Lalu bagaimana dengan Indonesia? apa yang
menyebabkan negara yang sudah hampir memasuki usia satu abad, tetapi masih
banyak rakyatnya yang belum merasakan kesejahteraan.
Sistem politik
terbelenggu politik kartel
Sejak era kemerdekaan Indonesia telah mengalami
beberapa kali perubahan bentuk pemerintahan. Pergantian ini bukan hanya sekedar
pergantian pemimpin, tetapi pergeseran cara demokrasi dijalankan sesuai konteks
politik dan kepentingan penguasa. Sejak kemerdekaan, Indonesia beberapa kali mengubah
sistem politiknya sesuai konteks zaman dan kepentingan penguasa. Pada era Orde
Lama, demokrasi parlementer memberi ruang kebebasan politik luas, namun
berujung pada instabilitas kabinet. Upaya Presiden Soekarno menstabilkan
politik lewat Demokrasi Terpimpin justru memusatkan kekuasaan di tangan
presiden dan membungkam oposisi. Orde Baru dibawah Soeharto mengusung Demokrasi
Pancasila dengan janji stabilitas dan pertumbuhan, tetapi membatasi kebebasan
sipil, mengkonsolidasikan kekuasaan, dan memelihara korupsi, kolusi, serta
nepotisme. Krisis moneter 1997 memicu runtuhnya rezim ini.

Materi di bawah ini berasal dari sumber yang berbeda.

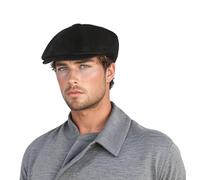 hatXcaps Newsboy Caps for Men and Women - 100% Linen Plain Baker Boy Mens Flat Cap - Timeless Checkered Design, Fashionable and Long-Lasting (UK, Alpha, L, Standard, Mystery Black)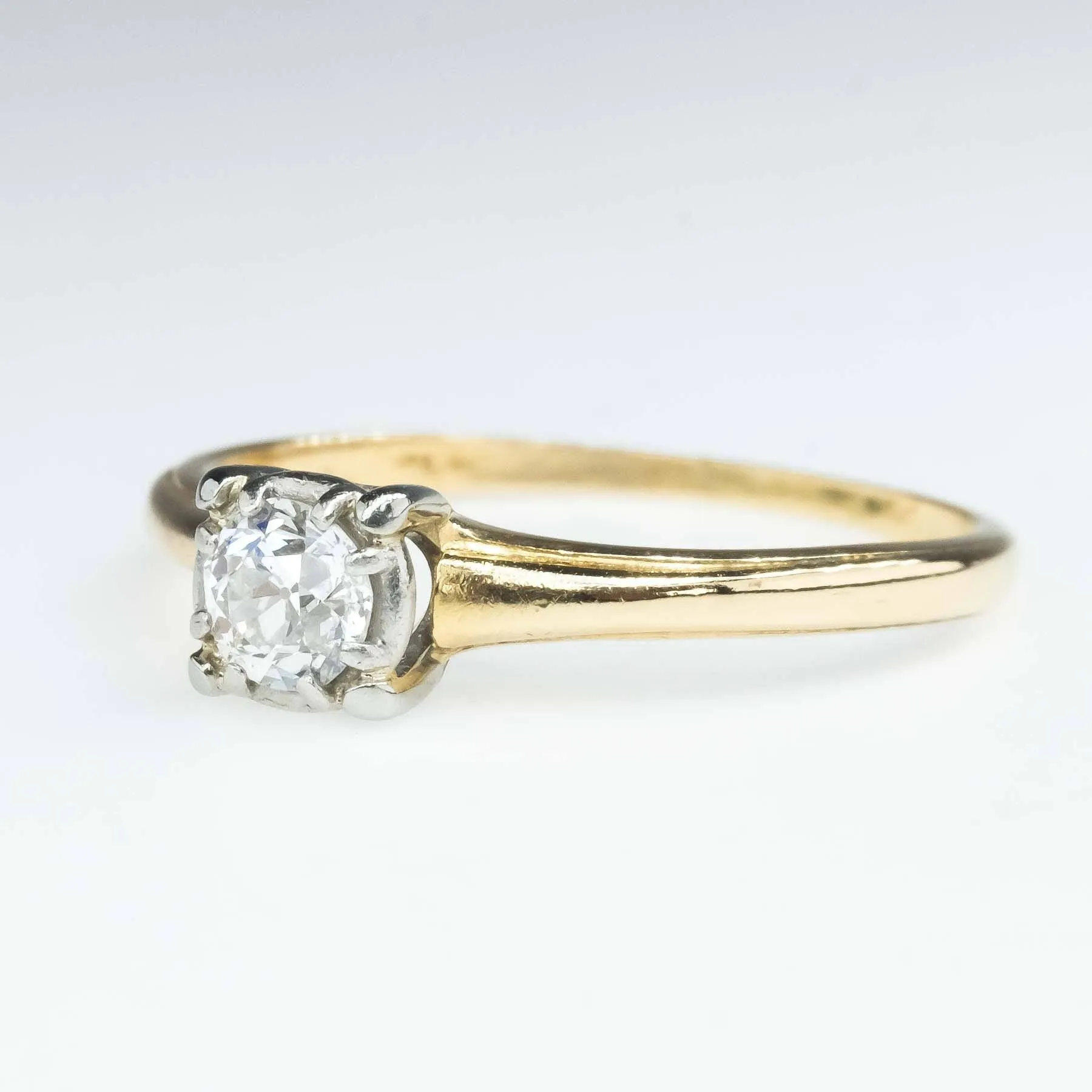 0.30ct European Cut Diamond Solitaire Engagement Ring in 14K Yellow Gold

Reformasi 1998 membuka jalan bagi demokratisasi,
termasuk pemilihan presiden langsung. Namun, sejak awal diberlakukan ambang
batas pencalonan presiden (presidential threshold) yang semakin tinggi: dari 3%
kursi DPR menjadi 20% kursi atau 25% suara sah nasional. Aturan ini menyuburkan
politik kartel, di mana partai-partai besar berkolaborasi layaknya kartel
bisnis untuk membagi kekuasaan, sumber daya, dan keuntungan politik. Alih-alih
bersaing menawarkan gagasan kepada rakyat, elite partai lebih sibuk menjaga
status quo.
Konsekuensinya, ruang politik dikuasai segelintir
elite, ongkos politik melambung, dan oligarki semakin menguat. Kebijakan
seringkali lebih berpihak pada investor politik ketimbang kepentingan publik.
Partisipasi rakyat tereduksi menjadi formalitas di bilik suara, sementara
proses pembuatan kebijakan berlangsung di ruang tertutup yang sarat transaksi.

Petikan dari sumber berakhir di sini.